Decision of the Ministry of Commerce on Amending the Provisions on the Merger or Acquisition of Domestic Enterprises by Foreign Investors (Order No. 6 [2009] of the Ministry of Commerce) was promulgated by the Ministry of Commerce on June.22, 2009, which shall be implemented as of the date of promulgation. Meanwhile, the Provisions on the Merger or Acquisition of Domestic Enterprises by Foreign Investors (the “Provisions on MADEFI”) was amended according to this Decision and promulgated anew.

 

1The Background of Amending the Provisions on MADEFI

 

According to the statement by the Ministry of Commerce, the revision of the Provisions on MADEFI is to ensure that the Provisions on MADEFI keep consistent with the Anti-monopoly Law and the Provisions of the State Council on the Standards for the Declaration of Business Concentration.

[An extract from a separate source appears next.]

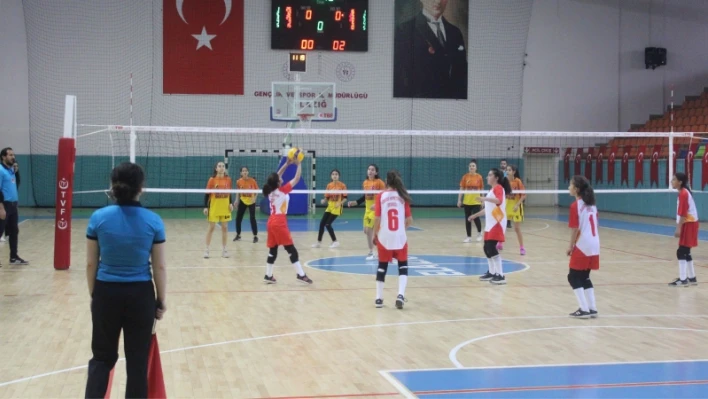 Elazığ'da Okul Sporları Voleybol Müsabakaları başladı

With the Anti-monopoly Law and the Provisions of the State Council on the Standards for the Declaration of Business Concentration implemented in 2008, issues concerning monopoly are more specific and detailed, and the relevant provisions become more practical. Especially in respect of the Concentration of Business Operators, one examination in the procedure was added, which shifted checkpoint to an earlier stage and introduced a precaution in advance against monopoly risk. Since the Anti-monopoly Law is a national law, in Chinese legal hierarchy it is higher than the Provisions on MADEFI, which is administrative regulation in nature. Thus, the Chapter V “Anti-monopoly Review” of the Provisions on MADEFI has actually become ineffective. In order to clarify and improve the examination and approval system of the merger or acquisition of domestic enterprises by foreign investors, it is necessary to amend the Provisions on MADEFI so that they can keep consistent with the Anti-monopoly Law and the Provisions of the State Council on the Standards for the Declaration of Business Concentration.

 

2Amended Provisions

 

The revision of the Provisions on MADEFI mainly concentrated on the examination of anti-monopoly while other revisions were more expression adjustments than substantial modifications.

 

(1) Amendments on the Examination of Anti-monopoly

 

Chapter V “Anti-monopoly Review” of the Provisions on MADEFI had been deleted. A new article had been inserted in the “Supplementary Provisions” as Article 51, “In accordance with the Anti-monopoly Law, if the merger or acquisition of a domestic enterprise by a foreign investor reaches the declaration standards in the Provisions of the State Council on the Standards for the Declaration of Business Concentration, a declaration shall be made to the Ministry of Commerce in advance and no transaction shall be conducted without declaration.”

 

(2) Amendments to the Wording of Related Articles


(a) The sentences in paragraph 4 of Article 16 “Where a foreign investor establishes a foreign-funded enterprise by merging or acquiring a domestic enterprise, if its capital contribution proportion is less than 25 % of the registered capital of the enterprise and if it plans to make the contribution in cash” had been amended to read as “Where a foreign investor establishes a foreign-funded enterprise by merging or acquiring a domestic enterprise and its capital contribution proportion is less than 25 % of the registered capital of the enterprise, if it makes the contribution in cash.”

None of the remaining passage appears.